L’incontro sta per terminare. “Ma come farete a trasformare quello che vi ho detto in uno spettacolo teatrale?” ci chiede. Gli rispondo che non lo sappiamo. Dobbiamo ascoltare ancora altri suoi colleghi.

Prima di salutarci Michele ci invita a cambiare le prese elettriche dell’aula. “Quelle non sono a norma”. Solo ora mi accorgo che in realtà le aveva guardate più volte mentre parlava. “Qui se si innesca un corto circuito, ve la vedrete brutta”. Ci mettiamo a ridere, ma lui non ride. “Su queste cose non c’è da scherzare” dice più a sé stesso che a noi. “Il tuo lavoro deve darti un forte senso di solitudine dal momento che le tue conoscenze, il tuo sapere sono nel migliore dei casi giudicati come deformazione professionale e nel peggiore come malaugurio” gli dico.

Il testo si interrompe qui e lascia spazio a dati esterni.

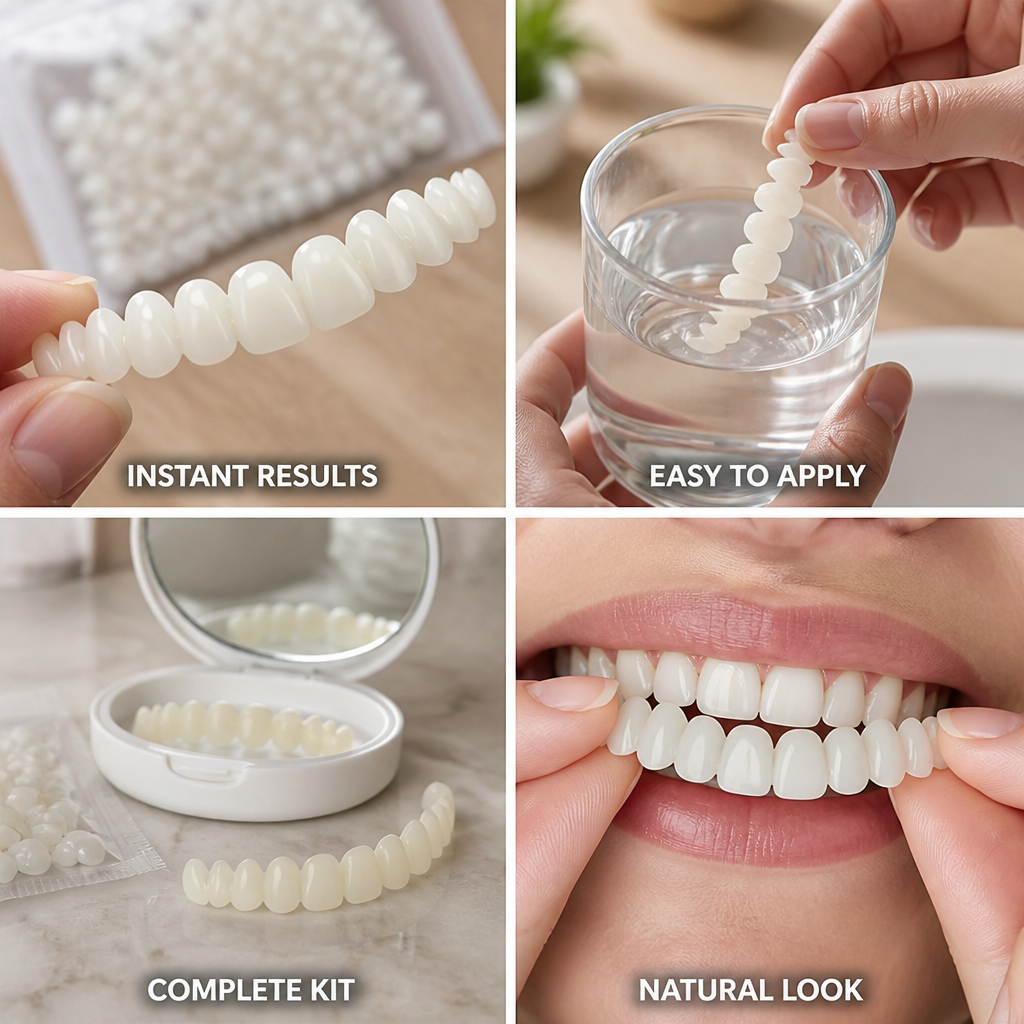 Instant Natural-Looking Tooth Replacement Kit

Michele annuisce e mi racconta sorridendo che ogni volta che sua figlia va in discoteca, le ricorda di prestare attenzione all’uscita di sicurezza. “Lei mi ribalta. Dice che sono ossessivo. Ma io glielo ricordo lo stesso perché sono convinto che quando è in discoteca, anche se distrattamente, un occhio ce lo butta sull’uscita di sicurezza”.